Ardından ekliyor: “Eski yapılarda direttiğiniz takdirde ya kaybolacaksınız ya da küçülüp marjinalleşeceksiniz. Bu hepimiz için geçerli. Benim kuşağımın sahip olmadığı birtakım yetkinlikler var. Genç kuşak yönetici, politikacıların bunlara mutlaka sahip olmaları gerekir. Kitapta bunları önerdim.”
Peki ama nedir bu yetkinlikler?
“Birincisi esneklik, ikincisi yakınsama yani multidisipliner düşünme, üçüncüsü internet çağında bilgiyi en iyi nereden alabileceğini bilmek.”
Eczacıbaşı’nın 22 yıldır Türkiye Bilişim Vakfı ile yürüttüğü çalışmaları göz önüne alınca, kendi kuşağı hakkında ne kadar tevazu sahibi olduğunu da, nasıl bir vizyoner olduğunu da bir kez daha anlamak mümkün.
Geleceğin dünyasını daha yakından anlamak için ‘Daha Yeni Başlıyor’u bir an önce alıp, okumakta fayda var.
Hatırlatalım, kitabın tüm telif geliri Eczacıbaşı tarafından Türkiye Bilişim Vakfı’na bağışlanıyor.

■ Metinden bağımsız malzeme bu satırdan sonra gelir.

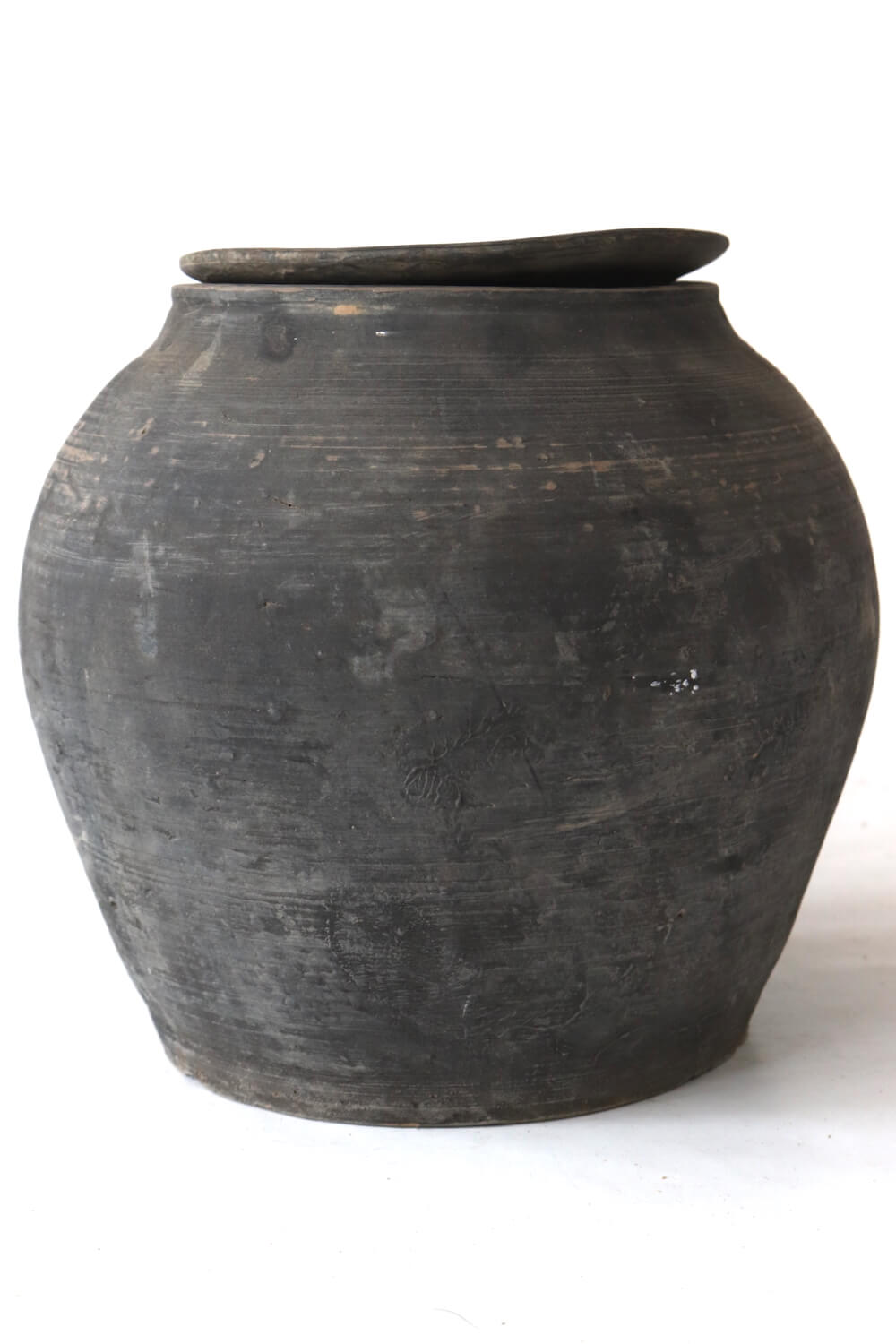 Tontopf mit Deckel grau antik, 18xø19 Tontopf mit Deckel grau antik, 18xø19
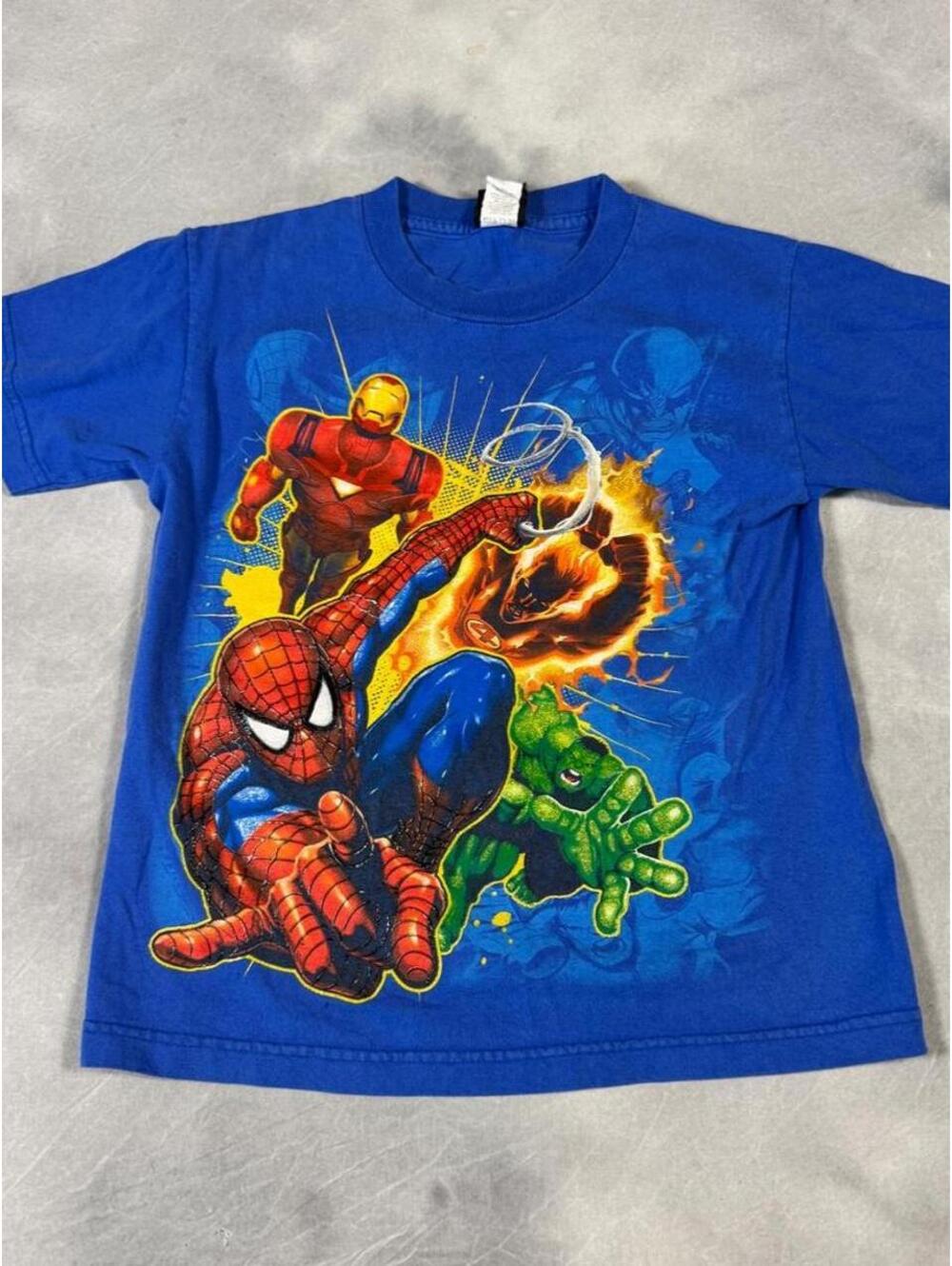 Vintage style Marvel Spider-Man Hulk Iron Man Graphic T Shirt, 2000s, small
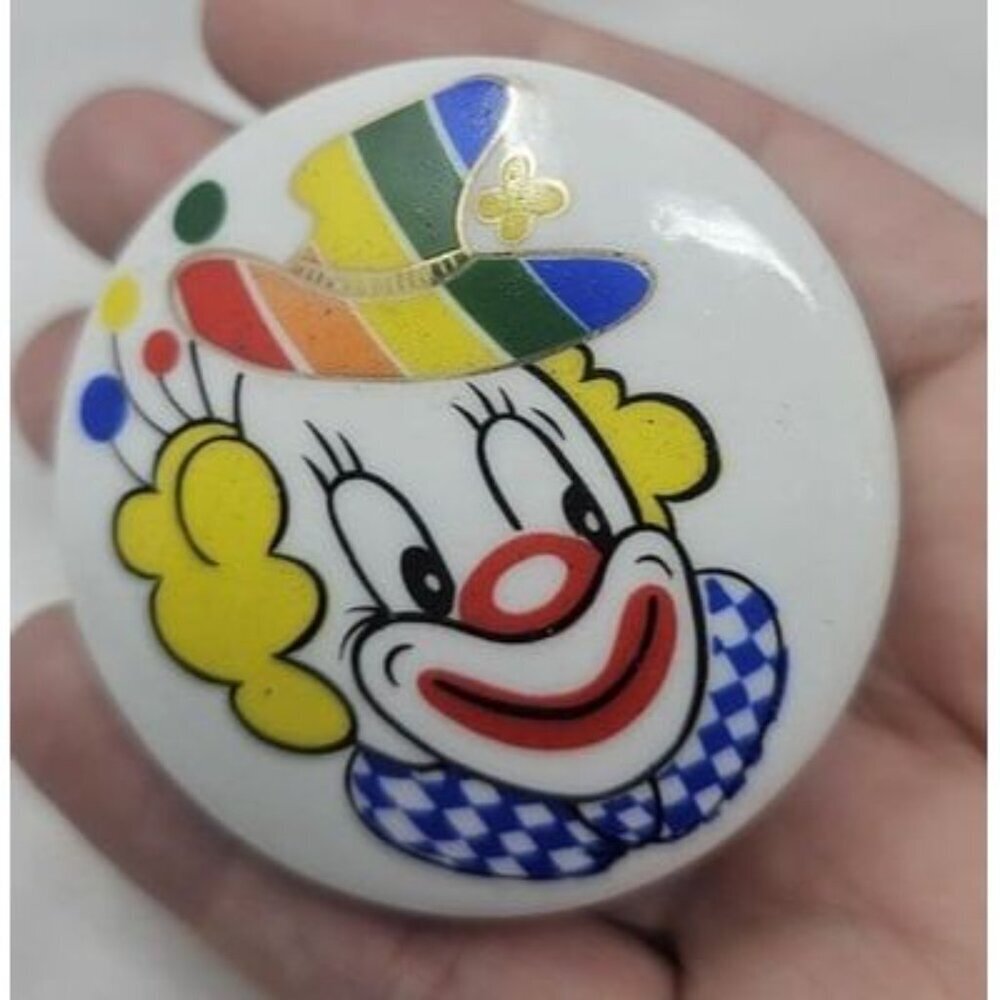 Vintage Trippies Inc. 90's Porcelain Trinket Keepsake Box Clown 2" New - Picture 3 of 8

İNTERNET BAĞIMLISI MISINIZ?
Haftada 38 saat internet kullanıyor musunuz?
Eğer soruma cevabınız “Evet”se üzülerek söylemeliyim ki siz bir internet bağımlısısınız.
Tıpkı benim ve daha birçok kişinin olduğu gibi.

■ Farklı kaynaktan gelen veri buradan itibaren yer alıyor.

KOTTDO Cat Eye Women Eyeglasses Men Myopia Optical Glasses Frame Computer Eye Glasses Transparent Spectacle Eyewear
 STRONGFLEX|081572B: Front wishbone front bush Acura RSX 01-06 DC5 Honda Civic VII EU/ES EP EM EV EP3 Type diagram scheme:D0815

Üstelik akıllı telefon kullanıcılarının üçte biri sabah yataktan kalkmadan internete bağlanıyor.
50 yaş altındakiler mesajlarını, epostalarını ve sosyal medyayı her 15 dakikada bir kontrol ediyor.
Sürekli kontrol edenler de var.
Uzmanlara göre, bunu biz seçmiyoruz ama kısa dönemli ödüller yüzünden buna sürükleniyoruz.
Çünkü basit bir mesajla özel hayatımızda ya da işte istediğimiz anlık bir şeyi elde etmemiz mümkün olabiliyor.
Artık internet bağımlılığı davranış bozuklukları arasına resmen alındı, hatta Çin, Tayvan, Kore gibi ülkeler bunu ulusal bir sağlık krizi olarak görüp tedavilere başladı.
Artık uzmanlara göre, “İnternet bağımlılığı, iklim değişikliği kadar önemli bir sorun”.
Bunları düşündükçe ‘Daha Yeni Başlıyor’ daha da merak uyandırıyor.